■ PROBLEM TO WORK ON
With pictures removed, the data below should be returned exactly.

■ INPUT DATA
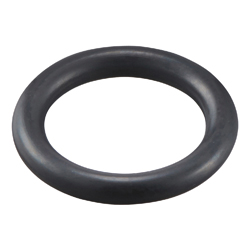 O-Ring, Serie für allgemeine Industrieanwendungen nach ISO (für unbewegte Anwendungen)  CO7229A
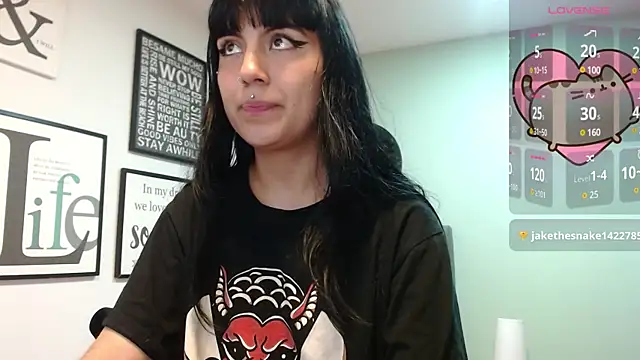 amy adams1 online show from March 1, 8:13 am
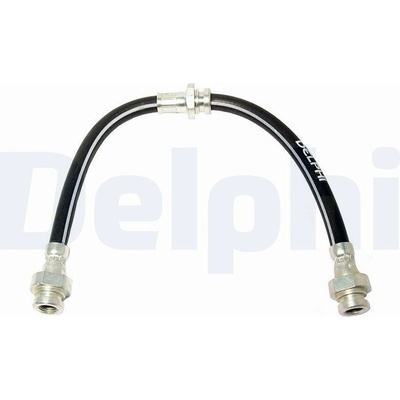 Brzdová hadica DELPHI LH6273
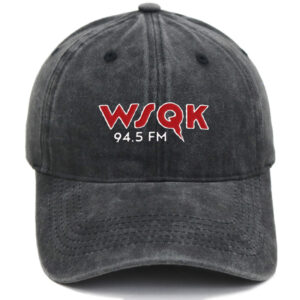 Wsqk-black / M（56-58cm）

■ TASK SOLUTION
 O-Ring, Serie für allgemeine Industrieanwendungen nach ISO (für unbewegte Anwendungen)  CO7229A
 amy adams1 online show from March 1, 8:13 am
 Brzdová hadica DELPHI LH6273
 Wsqk-black / M（56-58cm）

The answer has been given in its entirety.